AMD's OpenCL Allows GPU Code To Run On X86 CPUs
eldavojohn writes "Two blog posts from AMD are causing a stir in the GPU community. AMD has created and released the industry's first OpenCL which allows developers to code against AMD's graphics API (normally only used for their GPUs) and run it on any x86 CPU. Now, as a developer, you can divide the workload between the two as you see fit instead of having to commit to either GPU or CPU. Ars has more details."
Wouldn't the real benefit be that you wouldn't have to create two separate code-bases to create an application that both supported GPU optimization and could run naively on any system?
So now programmers can write code that will work on either processor and will be optimized on neither.
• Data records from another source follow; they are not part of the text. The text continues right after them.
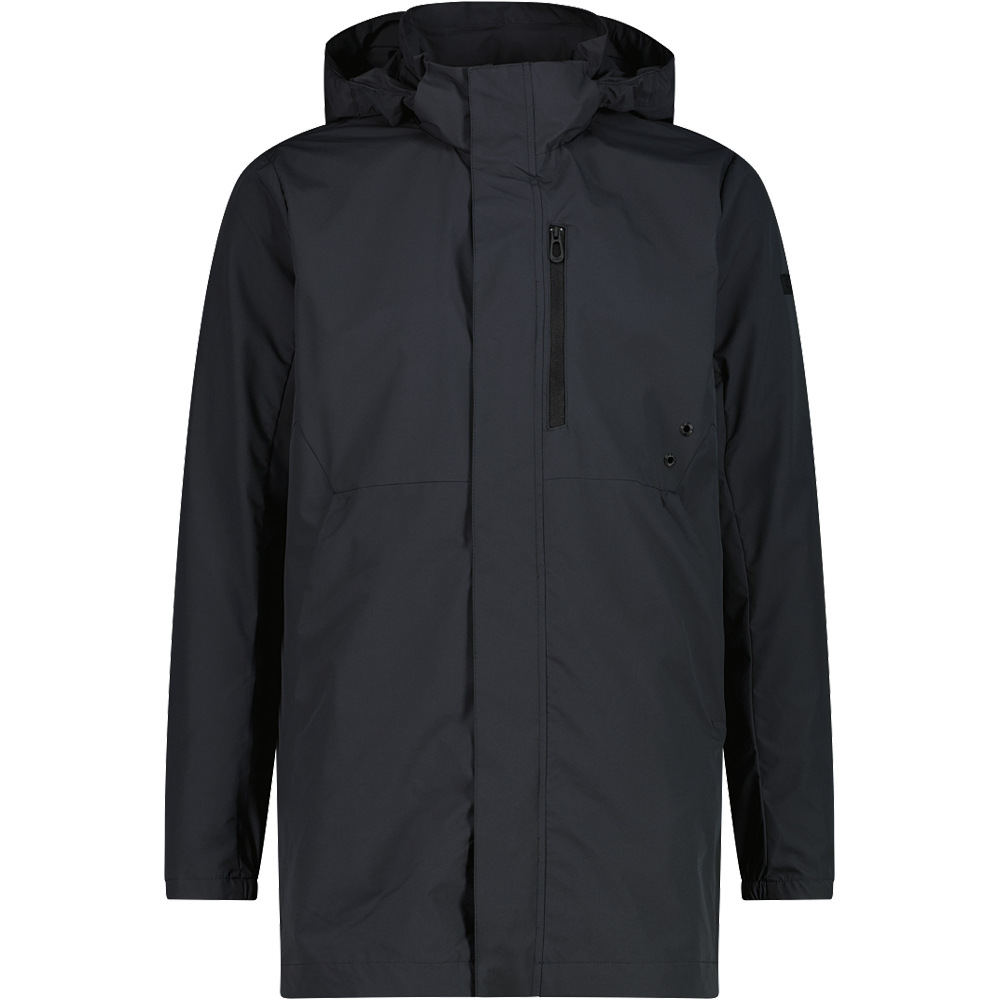 Cmp chaqueta outdoor hombre MAN LONG JACKET ZIP HOOD vista frontal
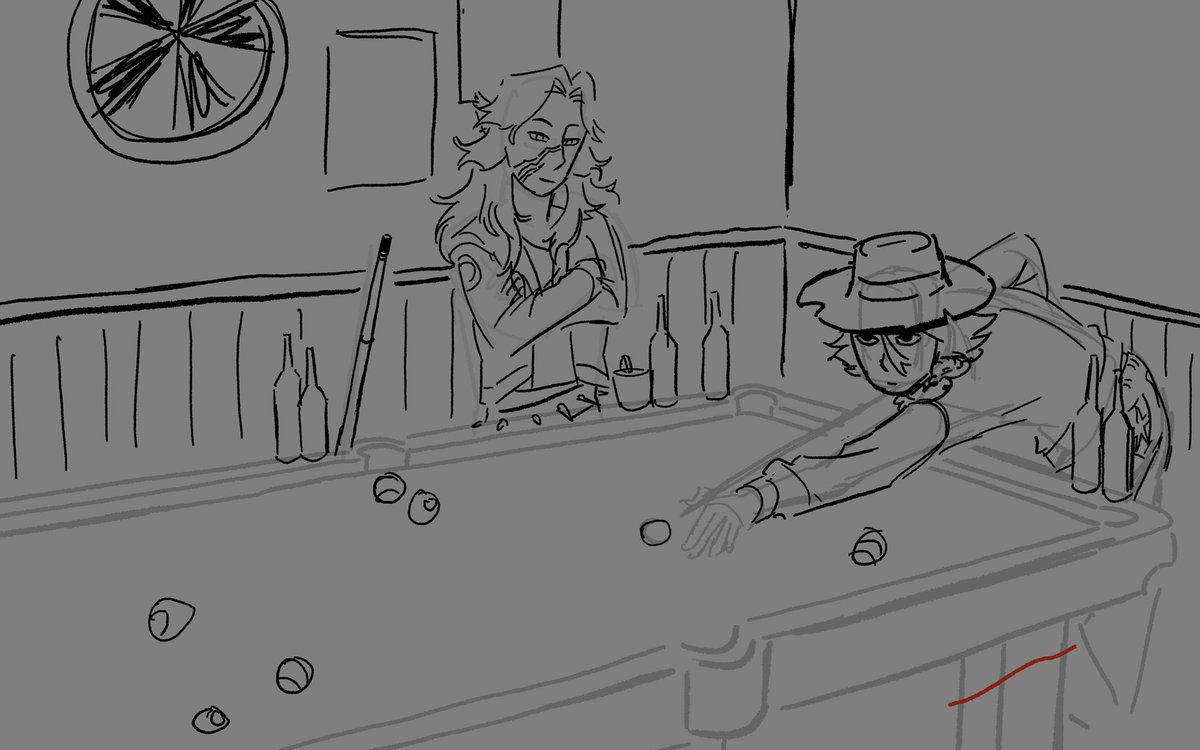 hippiichi's tweet photo. silver and holliday playing pool ^_^ https://t.co/ad1CiqjmNz
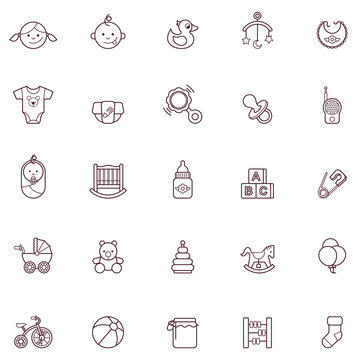 Baby icon set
Brilliant. I'm sure this is somehow a great step forward.
-sigh-
Um, what? How does the existence of a compiler that generates x86 code prevent the existence of an optimizing compiler that generate GPU instructions?
Welcome back to the days of the math coprocessor....
I agree that the eventual goal is everything on the CPU. After all, that is the great thing about a computer. You do everything in software, you don't need dedicated devices for each feature, you just need software. However, even as powerful as CPUs are, they are WAY behind what is needed to get the kind of graphics we do out of a GPU. At this point in time, dedicated hardware is still far ahead of what you can do with a CPU. So it is coming, but probably not for 10+ years.